Mar 26, 2011

Shortish update

Not much is going on dog-wise. Molly's training is on hold, we're not sure if it's worth it due to her sensitivity. She can not concentrate on anything if she's scared or nervous. And she's a scaredy dog.
Take our new flat, for example. We moved from a semi-detached to a small block of flats and the noises that you get here are completely different. After six months, she's still nervous of people walking in the hallway, thinking they're all going to burst through our door. And the postman isn't helping, shoving things through the door on a daily basis. (In the old flat, we had a separate letterbox and she was blissfully unaware of it.) But in general, the effort just doesn't seem justified. I doubt we'd ever be able to completely trust her to notice night hypos or anything else. So she is "just" a pet at the moment. Which isn't that bad. We're intending to get a second dog at some point and maybe we'll ask for professional help when choosing the puppy. 

Eli is doing great, he can measure his own bg now and prep the insulin pen. Actual injecting isn't really an option for him, yet, as the only place with any fatty tissue is the buttocks. D, in his mind, is something mundane and not worth mentioning anymore, unless you have to explain it to stupid strangers who are puzzled by the needles and drops of blood. Other children are always curious for two minutes but then lose interest very quickly.
His levels are ok, I suppose, but the night readings are a bit of a pain. As he is on MDI and the amounts of insulin are relatively small, adjusting the pen units is proving to be tricky. Half a unit can make a world of difference. I also think the pen isn't very reliable when it comes to smaller amounts, meaning you can never be sure how much insulin you've given. It's the nightly nightmare: do you risk correcting a hypo at three in the morning or do you let it go high. There seems to be no middle ground. Correcting the night highs is scary as well, you never know what just a single unit can do by the morning.

I'm dreaming of a less intrusive pump. Eli tried a CGM a while ago and the sensor set his eczema off. The particular spot of skin on his lower back/upper buttock was infected for weeks. So I'm a bit wary about the pump, the cannula would be in all the time, meaning he would always have those infections.

I think what we could really use is some sort of respite. I've put an application in for a government-funded summer camp for families of diabetic children. They are really popular, childhood diabetes being ridiculously common in Finland. So I don't like our chances. It would be nice to speak to other parents and most importantly, it would be great for Eli to meet other diabetic children. His creche is so small he is the only d-child and that will probably be the case in the autumn, as well, when he starts preschool (in Finland, you start school at seven, preschool at six). Also, we could really use the holiday, being stuck at  home for the entire horrible winter.

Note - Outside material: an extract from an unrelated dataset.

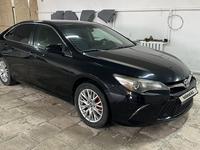 Toyota Camry 2016 годаүшін8 500 000 тг. в Жанаозен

It's been one of those winters where I seriously kick myself for choosing to live in this godforsaken country. And still do. The clocks go forward this weekend and we get blizzards. Summer time my arse.

Not much else going on with us, apart from the new arrival in July. There will be five of us (or six, if you want to count Molly in, as Eli does) which means the summer will be an interesting one.


  1. Loads and loads of kids have skin issues with CGMs, but not many have problems with a pump cannula. There's always Tegaderm or IV 3000!

  2. A has quite sensitive skin but apart from a few mild red areas, he has had no problems with the pump cannulas/plasters. I love the pump for the fact that you can give accurate tiny doses of insulin. We are almost a year pumping and would change back to MDI. We are still up to our knees in frozen solid snow, but it is slowly melting! Good luck with the new arrival in July and hope you get a camp place - something we have been thinking about too.